Kinetics of peg-filgrastim after high-dose chemotherapy and autologous peripheral blood stem cell transplantation

Abstract

Peg-filgrastim is a form of G-CSF with a sustained duration of action due to self-limited clearance. We administered 6 mg peg-filgrastim to 18 autograft recipients on day +1 after transplantation for hematologic malignancies. Plasma samples were collected at baseline and during transplantation. Hematopoietic recovery and clinical outcomes were compared to the historical data of 54 patients not receiving G-CSF. Patients receiving peg-filgrastim achieved a serum level of 115 000 pg/ml on day +2, 24 h after drug administration. Drug level maintained a plateau until day +8 and, after day +10, declined concomitantly with myeloid recovery. Patients experienced prompt neutrophil recovery: days +9 and +10 to 500 and 1000 neutrophils per microliter, and 4 days with an absolute neutrophil count <100 cells per microliter. Duration of antibiotic therapy was significantly shortened, but we did not observe significant differences in other end points. In conclusion, peg-filgrastim was well tolerated and efficacious, and hastened myeloid recovery.

Introduction

G-CSF is used to accelerate hematopoietic recovery following ABMT1, 2, 3, 4 or peripheral blood stem cell transplantation (aPBSCT), although there is no consensus about its optimal use.5, 6, 7, 8, 9, 10 While G-CSF promotes ANC recovery, its impact on the length of hospitalization, the use of nonprophylactic antibiotics (NPA), bloodstream infections (BSIs) and the overall cost of the procedure is unclear.3, 11, 12, 13, 14, 15 We do not routinely administer G-CSF after unmanipulated aPBSCT, but do use it from day +1 following CD34+ selected aPBSCT.16

Filgrastim requires daily subcutaneous administration since it has a plasma half-life of 3–4 h due to renal- and neutrophil-mediated clearance.17, 18 Peg-filgrastim, a G-CSF form characterized by an increased plasma half-life, has been recently approved for clinical use.

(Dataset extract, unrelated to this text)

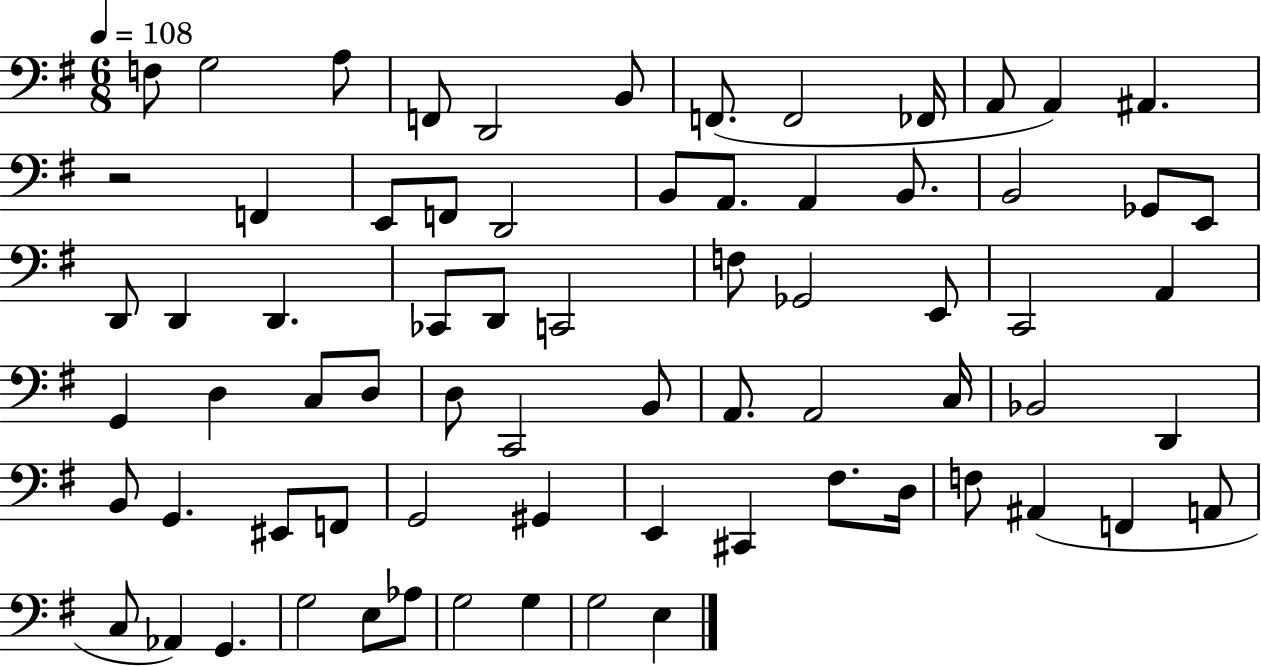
F3/e G3/h A3/e F2/e D2/h B2/e F2/e. F2/h FES2/s A2/e A2/q A#2/q. R/h F2/q E2/e F2/e D2/h B2/e A2/e. A2/q B2/e. B2/h Gb2/e E2/e D2/e D2/q D2/q. CES2/e D2/e C2/h F3/e Gb2/h E2/e C2/h A2/q G2/q D3/q C3/e D3/e D3/e C2/h B2/e A2/e. A2/h C3/s Bb2/h D2/q B2/e G2/q. EIS2/e F2/e G2/h G#2/q E2/q C#2/q F#3/e. D3/s F3/e A#2/q F2/q A2/e C3/e Ab2/q G2/q. G3/h E3/e Ab3/e G3/h G3/q G3/h E3/q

It comprises a 20-kd polyethylene glycol molecule linked to the N terminus of the filgrastim molecule resulting in greater physical and thermal stability, the resistance to enzymatic degradation and the decreased renal clearance; therefore, neutrophil-mediated clearance becomes the predominant route of elimination.19

The availability of this new G-CSF form prompted us to study its pharmacokinetics profile, and safety and efficacy in patients undergoing aPBSCT for hematologic malignancies.

Materials and methods

Patients

From February 2004 to August 2005, we enrolled 18 patients undergoing aPBSCT: 12 male, 6 female, median age 48 (range 18–62); reason for aPBSCT was multiple myeloma (MM) in 6 patients, non-Hodgkin's lymphoma (NHL) in 8 patients and Hodgkin's disease (HD) in 4 patients. The disease status at transplant was (1) progressive disease (PD) in 3 patients, (2) CR in 5 patients and (3) PR in 10 patients. These patients received a single subcutaneous 6 mg fixed dose of peg-filgrastim on day +1 after stem cells infusion (A group). Characteristics of patients of A group are shown in Table 1. In order to perform a matched-pair analysis, (1:3), these patients were compared to a group of 54 patients extracted from our database of 348 patients submitted to aPBSCT, and without G-CSF administration after transplantation (B group). These patients were matched for sex, age, disease, transplant procedure and conditioning regimen: 36 male, 18 female, median age 46 years (range 20–67); 15 MM, 2 POEMS syndrome, 1 plasma cell leukemia, 24 NHL and 12 HD. Characteristics of patients are shown in Table 1. Informed written consent was obtained from all patients or guardians before study participation. The protocol was approved by the Institutional Review Board at Universita’ Cattolica Sacro Cuore.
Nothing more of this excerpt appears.